Practical Things You Can Do to Fight Fraud

“Protect your Social Security number, credit card and debit card numbers, PINs (personal identification numbers), passwords and other personal information.”

A thief can use these details to order checks or credit cards, apply for loans or otherwise commit fraud using your name.

Among the preventive measures you can take: Don't provide financial and other personal information in response to an unsolicited phone call, fax, letter or e-mail. It could be from a fraud artist masquerading as a legitimate business person or government official. Be particularly cautious with your Social Security Number (SSN). While your employer and financial institutions will need your SSN for tax purposes, you have the right to refuse requests for your SSN from merchants and service providers who have other ways to identify you. Also, if your state puts SSNs on driver's licenses, find out if you can use another number.

In addition, choose PINs and passwords for your bank and Internet accounts that will be tough for someone else to figure out. Don't use your birth date or home address, for example. More suggestions for guarding personal information appear elsewhere in this article and throughout our special report.

Deal only with legitimate, reputable businesses

Try to do business with companies you already know or that have been recommended. Do your research before giving money or personal information to an unfamiliar merchant, to charity or to any other organization. For example, contact your state's Attorney General's office or the Better Business Bureau and ask about complaints, lawsuits or other matters involving a company's reputation.

Get key details in writing and thoroughly check them out before agreeing to anything

Don't rely on a sales person's oral representations for a significant purchase or investment. Get as much written information as possible, including a contract, specifying cost information and your consumer rights. If a marketer refuses to supply written information or employs high-pressure sales tactics to get you to act fast, take that as your cue to say "goodbye."

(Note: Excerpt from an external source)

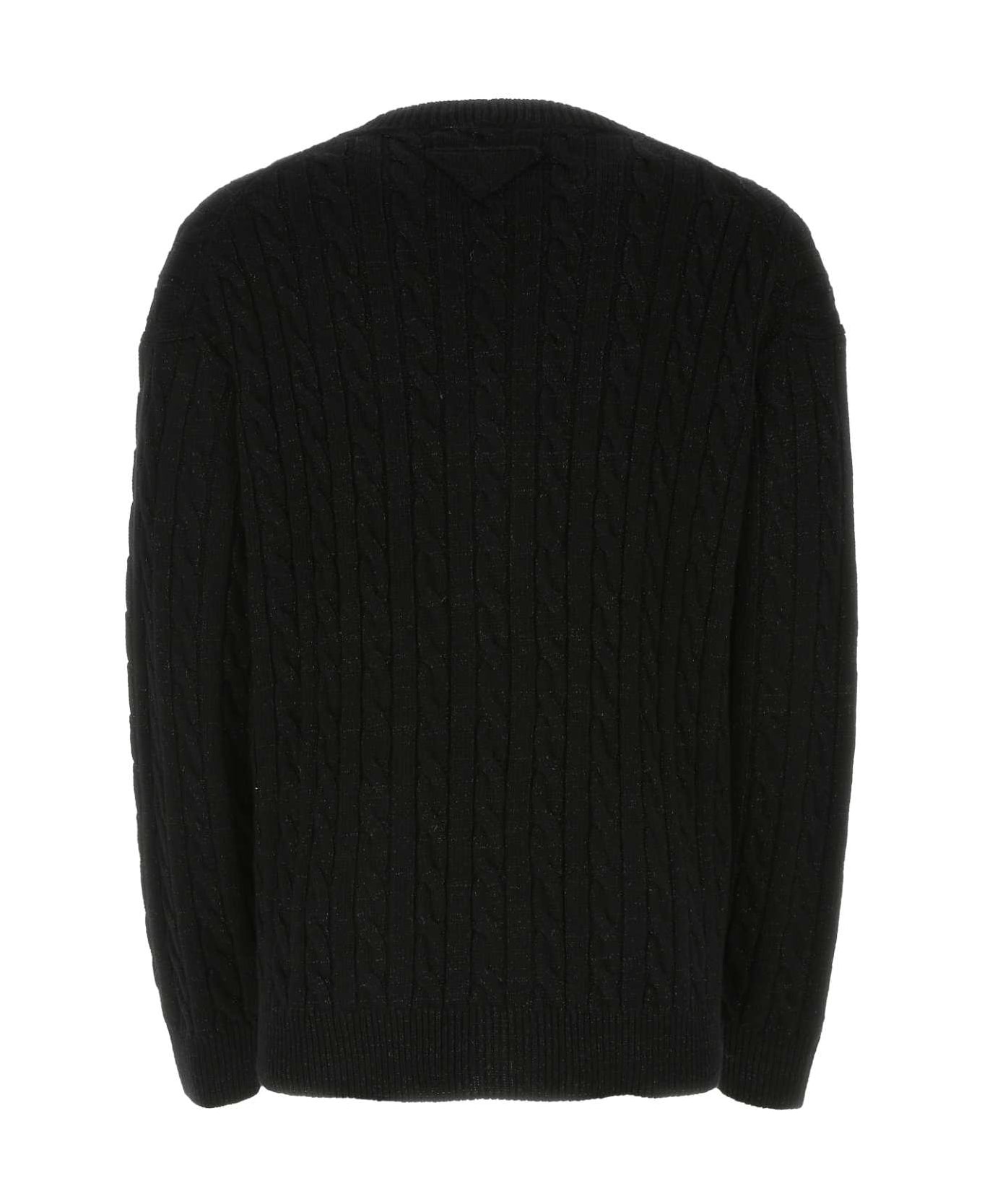 Black Wool Blend Oversize Cardigan - 2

Be extra careful when providing personal information over the telephone or the Internet

Scam artists hide at the other end of the phone line or computer screen. So, don't give bank account information, Social Security Numbers or personal data in response to an unsolicited phone call or e-mail. Remember that a legitimate company would never ask for passwords or other personal information by e-mail. Before providing credit card or other information to a Web site, confirm that the site is legitimate, not a copycat designed by a crook, by verifying that the Web site's address is an exact match for what appears in literature from the company or some other reliable source. You'd be wise to avoid an online merchant that doesn't list a phone number or physical address which are possible signs that the Web site and its owners are fraudulent. Also look for assurances on the Web site about security procedures for safely transmitting and storing your credit card number, password and other personal information you're asked to provide.

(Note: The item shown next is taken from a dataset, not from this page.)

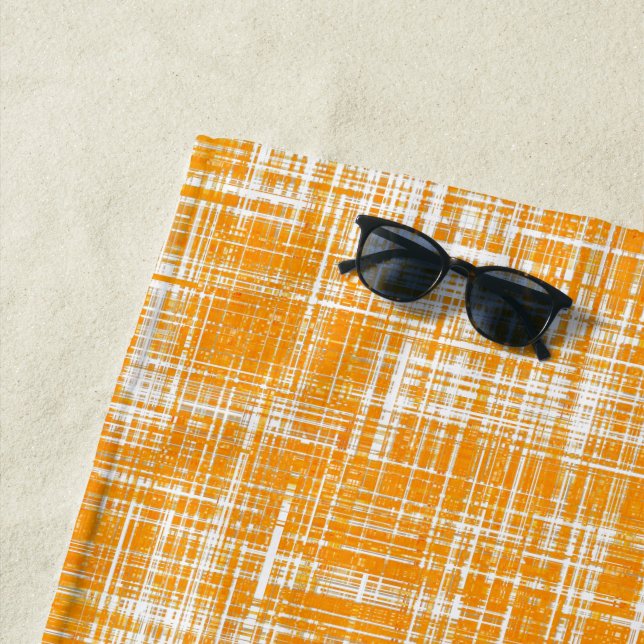 Serviette De Plage Motif de bande moderne orange jaune (En situation)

Limit the confidential information in your wallet in case it gets lost or stolen

Don't carry around more checks, credit cards or other bank items than you need. Consider reducing the number of credit cards you carry by canceling ones you don't use. Keep passports, Social Security cards and birth certificates in a secure place, not in your wallet. Never keep passwords or PINs on or near your checkbook, credit card, ATM card or debit card.

Review your credit card bills and bank statements as soon as they arrive

If you notice something suspicious, perhaps a credit card purchase you didn't make or an unauthorized withdrawal from your checking account, contact your financial institution immediately. While federal and state laws limit your losses if you're victimized by a financial fraud, sometimes your maximum liability depends on how quickly you report the problem. Also make sure you get your statement every month. If no statement arrives, that could be a sign that an identity thief has changed your mailing address for purposes of committing fraud in your name but from another location.